Keterpurukan kurs rupiah dan sejumlah mata uang negara lain adalah kebijakan China yang sengaja melemahkan (devaluasi) mata uang Yuan.

oleh Fiki Ariyanti diperbarui 13 Agu 2015, 14:14 WIB
Diterbitkan 13 Agu 2015, 14:14 WIB
Ilustrasi Rupiah
Ilustrasi Rupiah (Liputan6.com/Johan Fatzry)

Liputan6.com, Jakarta - Pelemahan nilai mata uang rupiah terhadap dolar Amerika Serikat (AS) terus berlanjut. Depresiasi rupiah mencapai 10,16 persen pada Rabu (12/8/2015) kemarin.

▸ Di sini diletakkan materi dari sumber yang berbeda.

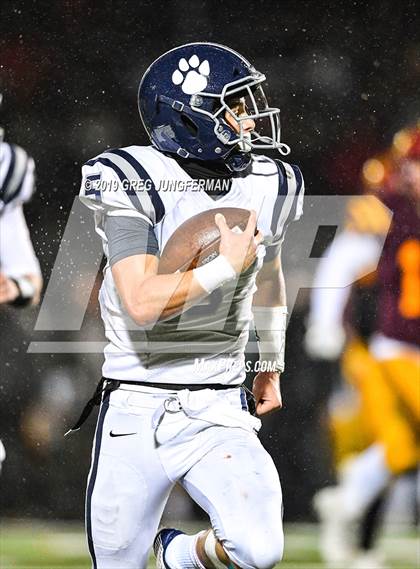 Thumbnail 1 in Cardinal Newman vs. Marin Catholic (CIF NCS D4 Final) photogallery.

Biang kerok keterpurukan kurs rupiah dan sejumlah mata uang negara lain adalah kebijakan China yang sengaja melemahkan (devaluasi) mata uang Yuan.

Gubernur Bank Indonesia (BI), Agus Martowardojo mengungkapkan, fenomena penguatan dolar AS terus memberi tekanan pada rupiah dengan depresiasi 2,47 persen per kuartal, terutama dipicu kekhawatiran kenaikan suku bunga acuan The Fed dan penyelesaian krisis Yunani.

"Apalagi pertumbuhan ekonomi Indonesia belum menggembirakan di kuartal II 2015, tapi indikator ekonomi seperti inflasi, defisit neraca transaksi berjalan, neraca perdagangan dalam kondisi lebih baik," terangnya saat Konferensi Pers FKSSK di kantor Kemenkeu, Jakarta, Kamis (13/8/2015).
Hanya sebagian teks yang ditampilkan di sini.